Seconds before the Montreal Canadiens made their first-round pick in the 2009 NHL Entry Draft, the television cameras cut to Louis Leblanc. Leblanc, an incoming Harvard freshman and highly-rated NHL prospect, looked around Montreal’s Bell Centre in silent anticipation. The Kirkland, Que. native would soon learn whether his hometown team would be selecting him with the 18th pick overall.
“I was pretty nervous throughout,” Leblanc said. “I didn’t know where I was getting [selected]. It was crazy—I had goose bumps.”
As Trevor Timmons, the Director of Player Recruitment for the Habs, spoke into microphone on June 26, the crowd fell silent. Then Leblanc’s name came out of Timmons’ mouth, and the audience erupted into applause and cheers. “Louis, Louis, Louis,” boomed through the arena. It was the first time since 1988 that Montreal had drafted a Quebecois skater in the first round.
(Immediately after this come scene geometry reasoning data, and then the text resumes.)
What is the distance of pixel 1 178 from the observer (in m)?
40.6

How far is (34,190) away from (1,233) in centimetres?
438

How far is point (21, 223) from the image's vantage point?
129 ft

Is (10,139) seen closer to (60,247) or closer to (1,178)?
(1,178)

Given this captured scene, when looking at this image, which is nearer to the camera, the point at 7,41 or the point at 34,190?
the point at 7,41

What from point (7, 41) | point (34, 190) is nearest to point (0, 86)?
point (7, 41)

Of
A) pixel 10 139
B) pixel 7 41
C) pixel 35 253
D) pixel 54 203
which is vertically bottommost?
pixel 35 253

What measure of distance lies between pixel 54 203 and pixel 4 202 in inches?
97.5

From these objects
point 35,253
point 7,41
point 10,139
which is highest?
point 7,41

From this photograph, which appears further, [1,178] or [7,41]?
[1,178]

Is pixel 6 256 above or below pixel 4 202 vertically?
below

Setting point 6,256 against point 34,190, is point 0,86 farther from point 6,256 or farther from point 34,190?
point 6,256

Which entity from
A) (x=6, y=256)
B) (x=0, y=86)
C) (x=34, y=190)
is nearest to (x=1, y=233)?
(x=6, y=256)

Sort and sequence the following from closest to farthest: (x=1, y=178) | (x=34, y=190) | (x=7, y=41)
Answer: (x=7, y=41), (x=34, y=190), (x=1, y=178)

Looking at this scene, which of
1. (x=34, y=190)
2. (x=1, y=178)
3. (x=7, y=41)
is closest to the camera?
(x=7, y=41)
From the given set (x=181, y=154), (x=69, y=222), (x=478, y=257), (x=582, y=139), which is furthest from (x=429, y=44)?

Leblanc relaxed and let out a smile.
“I was back home in [Montreal] for that weekend,” captain Alex Biega wrote in an e-mail. “The place was going nuts. [Leblanc] is a celebrity there.”
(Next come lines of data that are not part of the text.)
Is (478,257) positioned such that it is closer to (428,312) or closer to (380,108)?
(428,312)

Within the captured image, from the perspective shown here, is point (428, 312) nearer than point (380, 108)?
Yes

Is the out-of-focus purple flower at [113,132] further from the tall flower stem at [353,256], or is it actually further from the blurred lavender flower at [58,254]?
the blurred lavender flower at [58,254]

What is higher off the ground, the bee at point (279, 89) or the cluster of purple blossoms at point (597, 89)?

Leblanc, possibly Harvard’s best recruit in 20 years, is only the second skater in Crimson history and seventh player in ECAC history to be selected in the first round of the NHL draft.
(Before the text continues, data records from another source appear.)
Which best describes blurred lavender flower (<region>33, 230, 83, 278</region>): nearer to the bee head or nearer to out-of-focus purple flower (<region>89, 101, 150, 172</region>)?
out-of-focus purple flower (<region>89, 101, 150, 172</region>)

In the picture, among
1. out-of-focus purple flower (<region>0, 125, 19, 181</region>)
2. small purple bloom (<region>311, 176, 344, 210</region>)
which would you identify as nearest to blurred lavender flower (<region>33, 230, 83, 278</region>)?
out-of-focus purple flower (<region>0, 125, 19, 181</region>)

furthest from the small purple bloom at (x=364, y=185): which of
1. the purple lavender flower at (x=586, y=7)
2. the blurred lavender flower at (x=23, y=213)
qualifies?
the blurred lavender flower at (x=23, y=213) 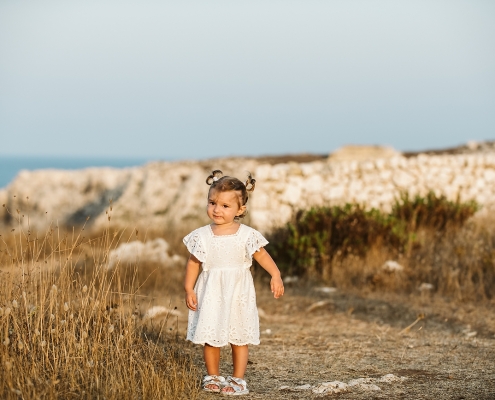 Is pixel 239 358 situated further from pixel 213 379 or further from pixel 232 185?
pixel 232 185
A 6-foot, 170-pound center, Leblanc was named MVP of his Quebec Midget AAA league for the 2007-08 season. For the 2008-09 campaign, Leblanc recorded 59 points in 60 games for the Omaha Lancers and was named the United States Hockey League’s Rookie of the Year.
But none of these accomplishments came close to the honor of being selected by the Habs, a team he’s been a lifelong fan of.
“For sure, no question about it,” Leblanc said. “It was the best moment of my hockey life so far.”
“I didn’t know what to think,” the 18-year-old added. “It was a dream come true. The fans were already chanting my name.”
Leblanc is one of six drafted players on the Crimson, including Biega, who was selected by the Buffalo Sabres and senior Doug Rogers, who was picked by the New York Islanders. The last Crimson player taken in the first round was Chis Biotti ’89.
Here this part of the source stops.